Pick SGLang when you want strong custom-mask support or its n-gram speculative decoding. Like vLLM, some inferlet features that depend on raw forward-pass control are not available through SGLang; those require a Pie-controlled driver such as cuda_native or dev.
Install
pie driver sglang install ~/.pie/venvs/sglang --run
pie driver sglang set venv ~/.pie/venvs/sglang
pie driver sglang doctor
This installs pie-driver-sglang into a Python 3.12 virtual environment.
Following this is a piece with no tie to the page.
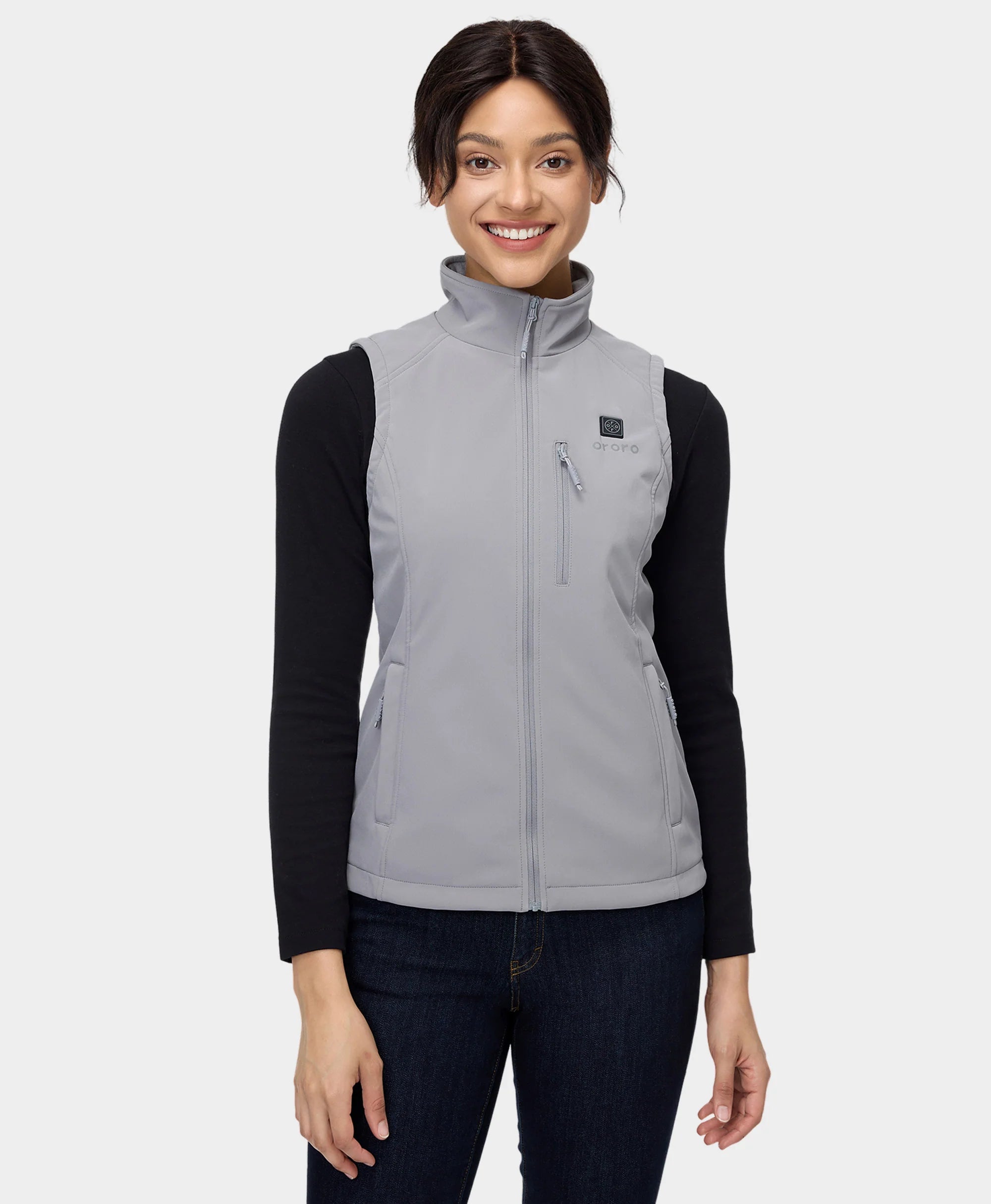 ORORO Heated Women's Heated Softshell Vest - Lower Back Heating - Image 27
SGLang, Torch, and FlashInfer pins are co-resolved; expect a large install.
Configuration
[model.driver]
type = "sglang"
device = ["cuda:0"]
activation_dtype = "bfloat16"
[model.driver.options]
venv = "/home/me/.pie/venvs/sglang"
attention_backend = "triton" # triton / flashinfer / fa3 / fa4 / …
mem_fraction_static = 0.65
page_size = 16
disable_radix_cache = true
disable_cuda_graph = false
# cuda_graph_max_bs = 256 # default: sglang auto-picks
# max_running_requests = 256 # default: sglang auto-picks
# max_total_tokens = 65536 # default: sglang auto-picks
# chunked_prefill_size = 8192 # default: sglang auto-picks
kv_cache_dtype = "auto"
trust_remote_code = true
# context_length = 8192 # default: read from HF config
# Pinned-host KV pool for D2H/H2D swap (GiB). 0 = disabled.
cpu_mem_budget_in_gb = 0
# n-gram speculative decoding (driver-supplied drafts)
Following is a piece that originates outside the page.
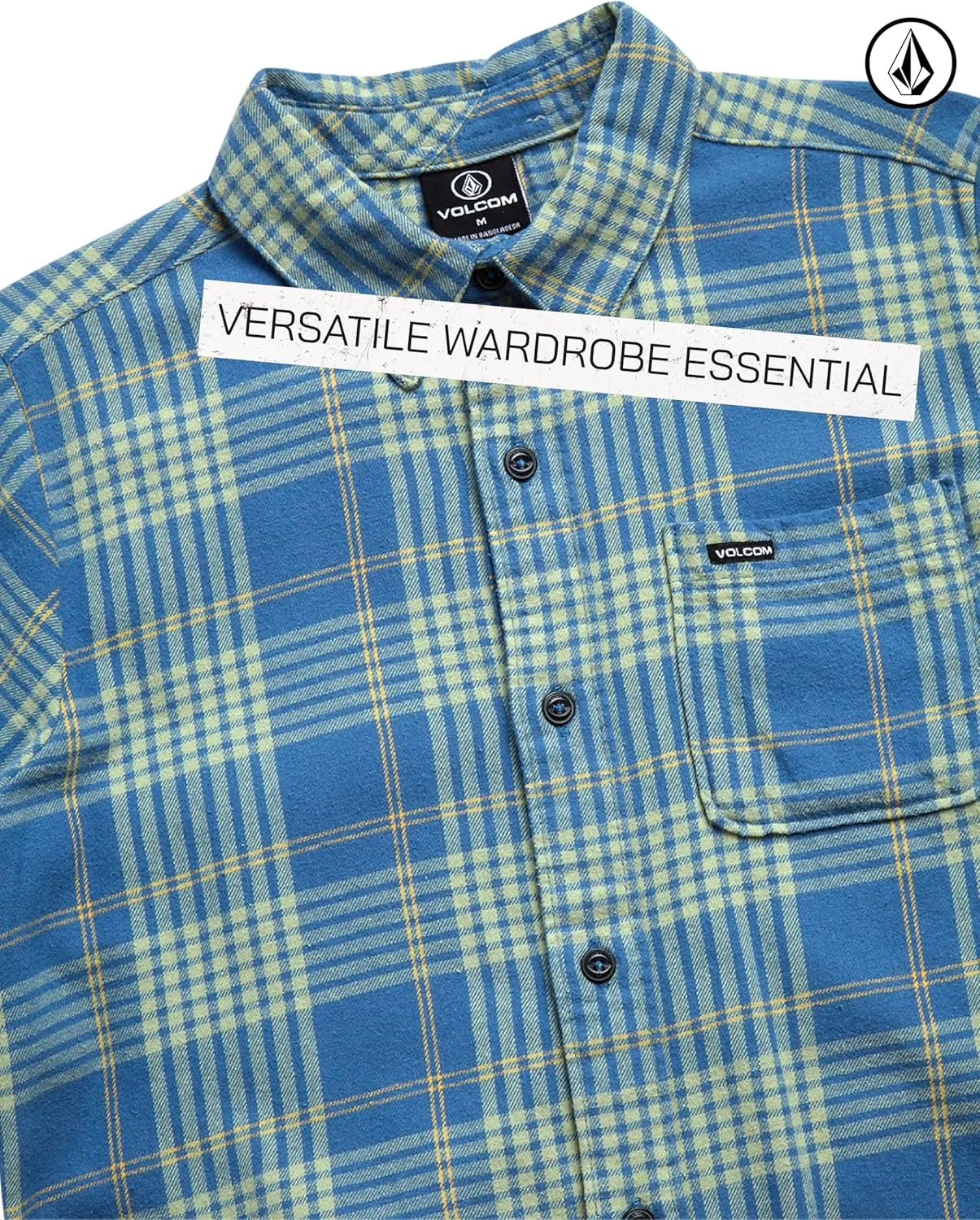 Volcom Boys Button Down Shirt - Classic Woven Long Sleeve Plaid Collared Flannel Shirt for Boys (Sizes: 4-20)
spec_ngram_enabled = false
spec_ngram_num_drafts = 4
spec_ngram_max_depth = 18
spec_ngram_capacity = 1_000_000
| Key | Default | Description |
|---|---|---|
attention_backend | "triton" | triton / flashinfer / flex_attention / fa3 / fa4 / aiter / wave / torch_native / etc. triton works on any NVIDIA SM 7.5+ and is stable across sglang versions. |
mem_fraction_static | 0.65 | Fraction of free GPU memory reserved for KV cache + activations. Lower than sglang's standalone 0.88 because pie's KV-rebind allocates a parallel tensor in pie's canonical layout. |
page_size | 16 | KV cache page size override. Unset lets sglang pick. |
disable_radix_cache | true | Disable SGLang's radix cache. Pie owns prefix sharing through its scheduler, so the default avoids duplicated caching work while still allowing explicit experiments. |
disable_cuda_graph | false | Run eager (no torch.compile, no CUDA graphs). |
cuda_graph_max_bs | unset | Override the largest CUDA-graph batch-size bin sglang captures. Unset = sglang's auto-pick. |
max_running_requests | unset | Cap on simultaneously-running requests. Unset = sglang's auto-pick based on max_total_tokens. |
max_total_tokens | unset | Cap on total tokens (across requests) per fire_batch. Unset = sglang's auto-pick. |
chunked_prefill_size | unset | Chunked-prefill size override. |
kv_cache_dtype | "auto" | KV cache element dtype. auto inherits the activation dtype. |
trust_remote_code | true | Trust user-supplied remote code in HF repos (needed for some models). |
context_length | unset | Explicit context length cap. Unset reads from HF config. |
cpu_mem_budget_in_gb | 0 | Pinned-host KV pool for D2H/H2D swap, in GiB. 0 disables swap. (Pie knob, not an sglang ServerArgs field.) |
spec_ngram_enabled | false | Enable n-gram speculative decoding (sglang-side drafting). The inferlet opts in to seeing drafts via output_speculative_tokens(true) on its forward pass; otherwise they are dropped. |
spec_ngram_num_drafts | 4 | Drafts proposed per accepted iteration. |
spec_ngram_max_depth | 18 | Maximum n-gram trie depth. |
spec_ngram_capacity | 1_000_000 | Approximate node budget for the trie. |
Supported architectures
SGLang accepts anything in its model zoo. See the SGLang supported models list for the authoritative roster.
Quantization
SGLang has its own quantization knobs (quantization, kv_cache_dtype, etc.). Set them under [model.driver.options] exactly as SGLang expects.